Crawled caption data:
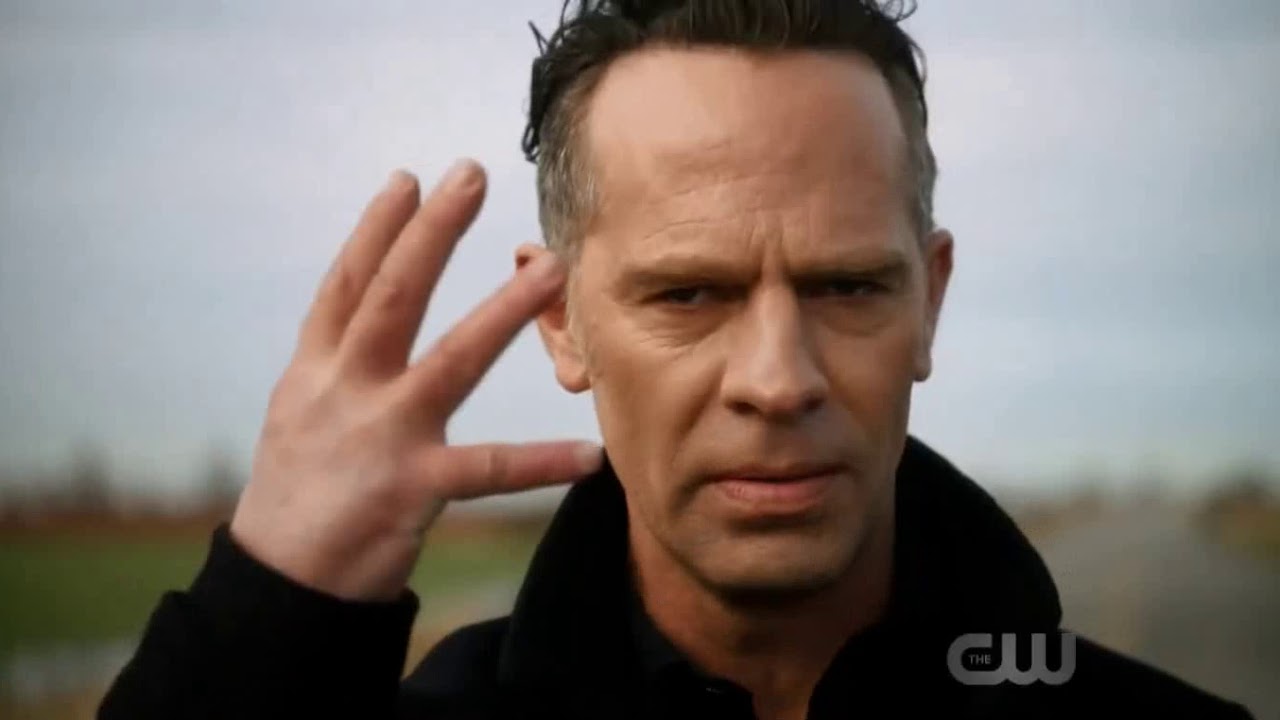 The flash 4x19 : fury rogue Devoe VS Flash & Captain cold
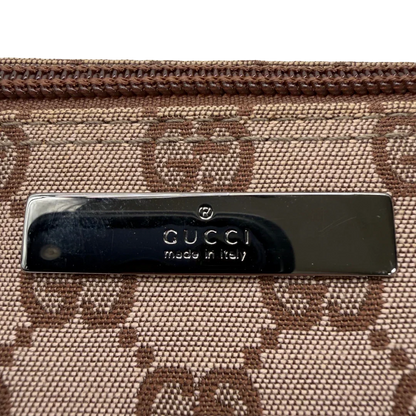 https://cdn.shopify.com/s/files/1/0564/9376/8855/files/Gucci_Handtasche_Boat_Baguette_monogram_beige_vintage_GG6371_98f4d8f4-4851-423f-b687-b028debb5af6.webp?v=1778669170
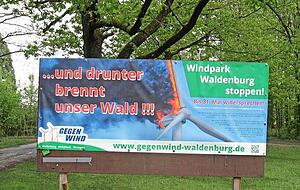 Horrorszenario: Plakate der Bürgerinitiative "Gegenwind Waldenburg, Michelbach, Öhringen" schüren gezielt die Angst vor einem großen Feuer im Wald. Foto: privat Horrorszenario: Plakate der Bürgerinitiative "Gegenwind Waldenburg, Michelbach, Öhringen" schüren gezielt die Angst vor einem großen Feuer im Wald. Foto: privat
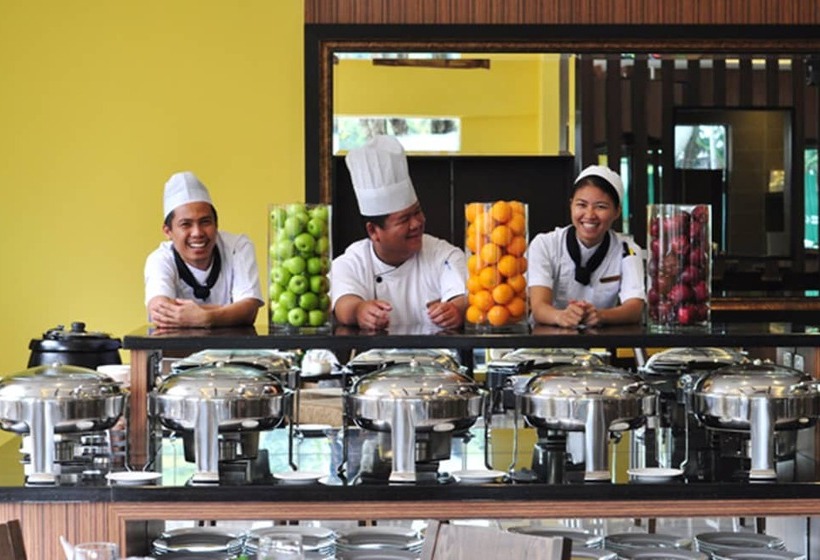 בית מלון כפרי Dreamtel Kota Kinabalu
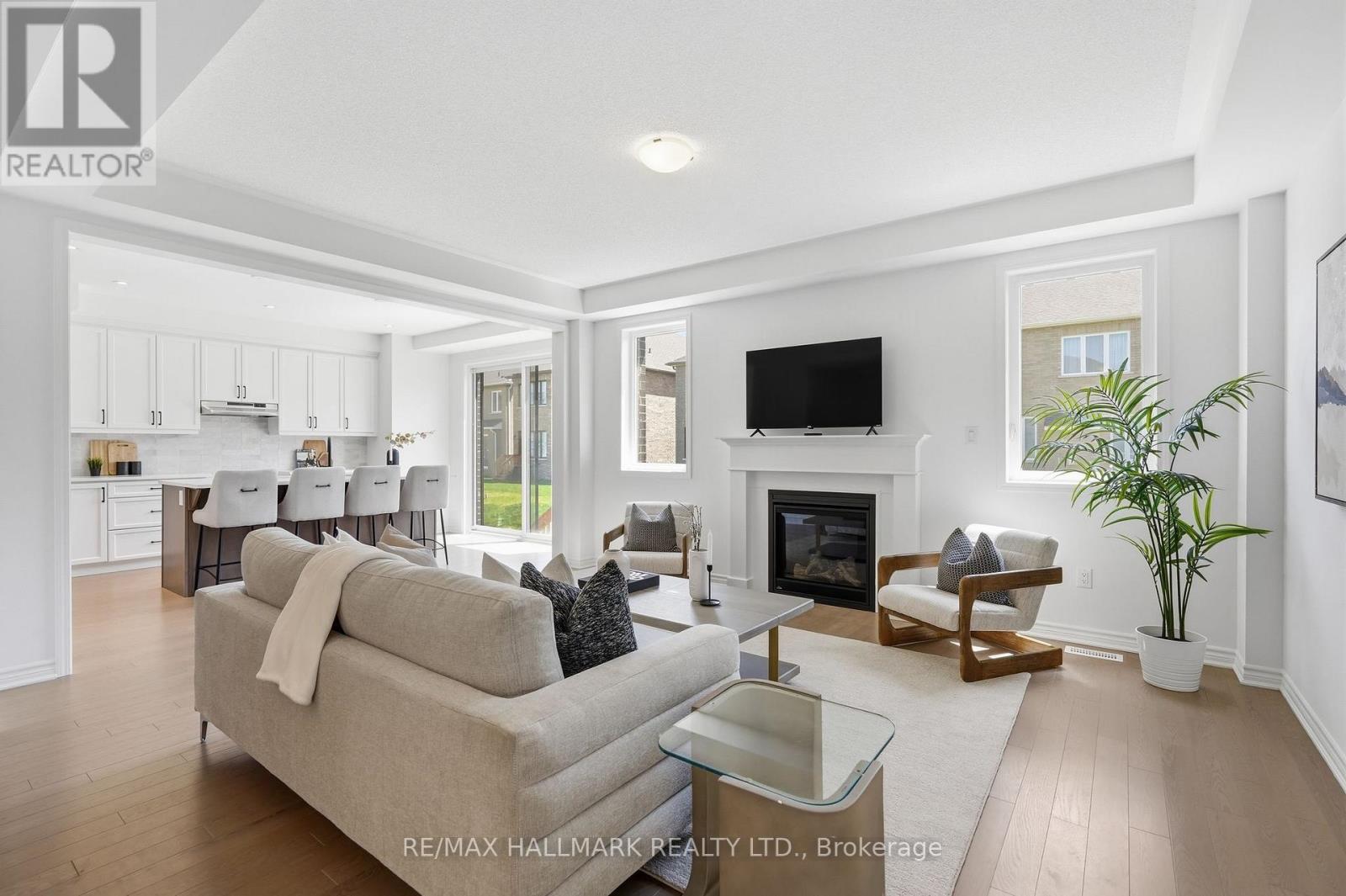 621 MIKA STREET - 11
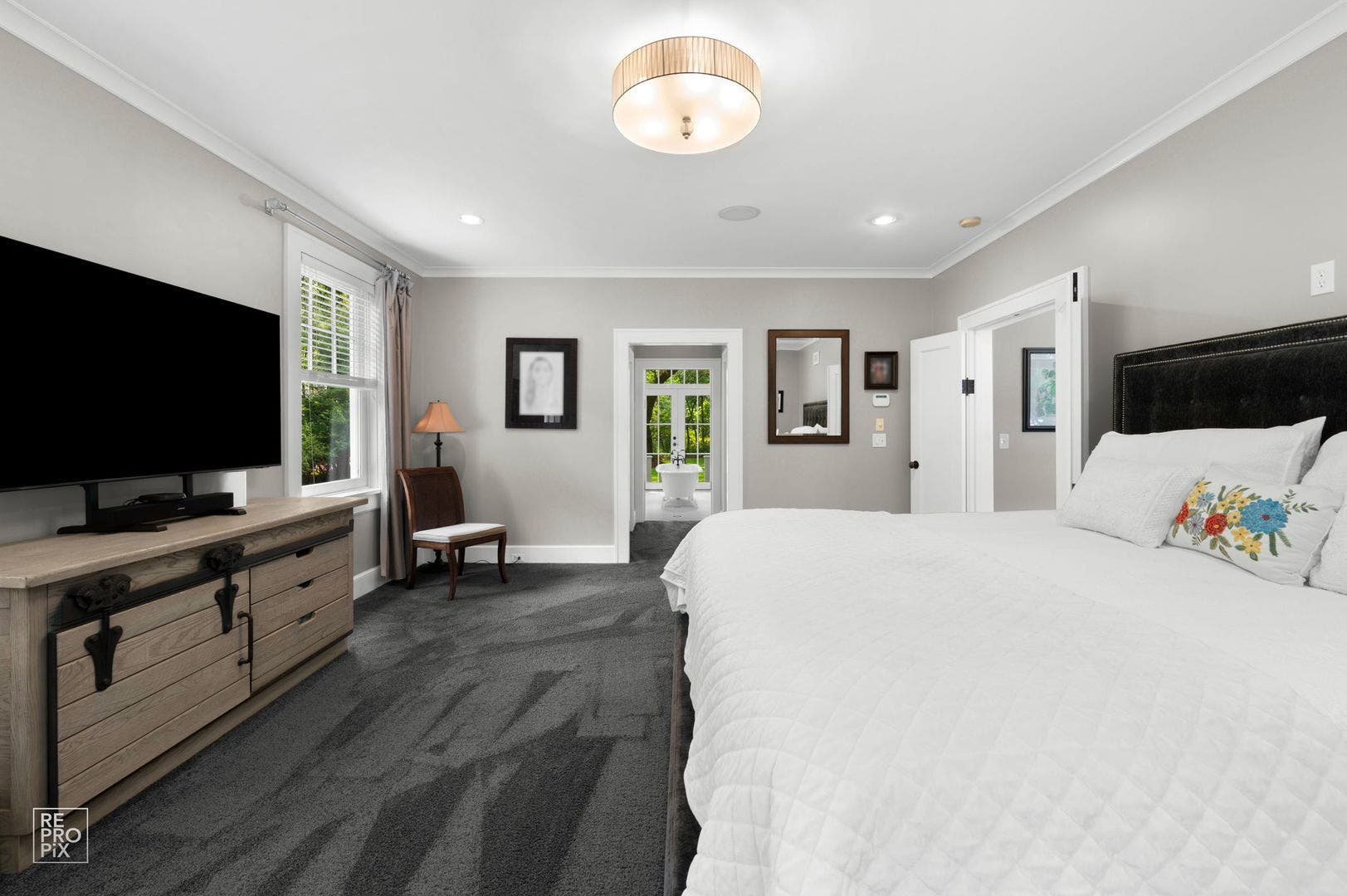3404 ADAMS Road, Oak Brook, IL 60523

● **WHAT YOU NEED TO DO**
Output the data exactly as it appears. The pictures do not belong in it.

● **ANSWER TO THIS TASK**
 The flash 4x19 : fury rogue Devoe VS Flash & Captain cold
 https://cdn.shopify.com/s/files/1/0564/9376/8855/files/Gucci_Handtasche_Boat_Baguette_monogram_beige_vintage_GG6371_98f4d8f4-4851-423f-b687-b028debb5af6.webp?v=1778669170
 Horrorszenario: Plakate der Bürgerinitiative "Gegenwind Waldenburg, Michelbach, Öhringen" schüren gezielt die Angst vor einem großen Feuer im Wald. Foto: privat Horrorszenario: Plakate der Bürgerinitiative "Gegenwind Waldenburg, Michelbach, Öhringen" schüren gezielt die Angst vor einem großen Feuer im Wald. Foto: privat
 בית מלון כפרי Dreamtel Kota Kinabalu
 621 MIKA STREET - 11
3404 ADAMS Road, Oak Brook, IL 60523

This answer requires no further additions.